11 2024 June

Legal Generative AI Needs Improvement

George MorellBy George Morell


“Hallucination-Free? Assessing the Reliability of Leading AI Legal Research Tools” is the recent and controversial study of the Stanford University which has analyzed legal search tools with generative artificial intelligence (AI) features (LexisNexis and Thomson Reuters, among others) and has concluded that the tools are quite impressive, despite what is advertised.

The tools compared, after an extension of the study, were:

– Lexis+ AI

– Westlaw AI-Assisted Research

–Ask Practical Law AI

GPT4 Plus was also included to see how it responded to specialized tools.

You have to think that ChatGPT is estimated that in legal matters You can hallucinate between 58% and 82% of the time, which is a serious problem without supervision. And even more so when recent studies indicate that in the Anglo-Saxon legal sector between 15 and 35% of lawyers are already using generative AI, even weekly.

The specialized tools that the legal sector is beginning to provide claim to prevent 100% of hallucinations when using “retrieval-augmented generation” or RAG, a technique sold as the great solution to the use of generative AI in specific fields of knowledge.

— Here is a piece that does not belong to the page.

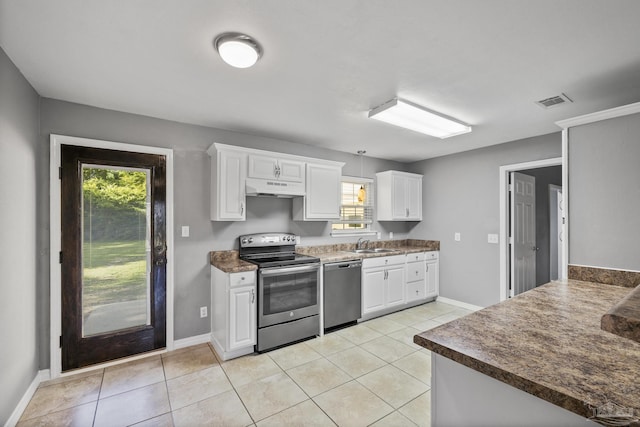 333 Western Pine Rd, Cantonment, FL 32533 - kitchen with under cabinet range hood, white cabinets, a wealth of natural light, and appliances with stainless steel finishes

The “trick” used by RAG consists of including between the prompt (the instructions given) and the result obtained, 2 intermediate steps, on the one hand the recovery and on the other the generation. A big peculiarity is that the recovery takes into account user-specific documents, not the general generative AI dataset.

That is, the prompt (for example, what is the ruling that generated the right to be forgotten in Europe?) is used to search Westlaw for documents relevant to the question (as if it were a normal search).

Then the prompt + those documents are sent to the LLM to generate (the second phase, “generation”) the result. But not according to its nebulous and generic dataset but rather with respect to one that is theoretically much more suitable thanks to the documents recovered in the first phase. It is like feed the system with relevant and specific information by subject before generating the response.

That is why it is said that RAG should largely eliminate hallucinations.

The Stanford study says that RAG improves the results of things like ChatGPT4, but that the level of hallucination is not “100% free” as advertised, and in fact sometimes it is considerable.

In that sense, it is important toacar than the study defines hallucinations such as false answers but also those that falsely claim that a source supports a claim. In addition, it also includes incomplete responses, consisting of those that are negative or unfounded.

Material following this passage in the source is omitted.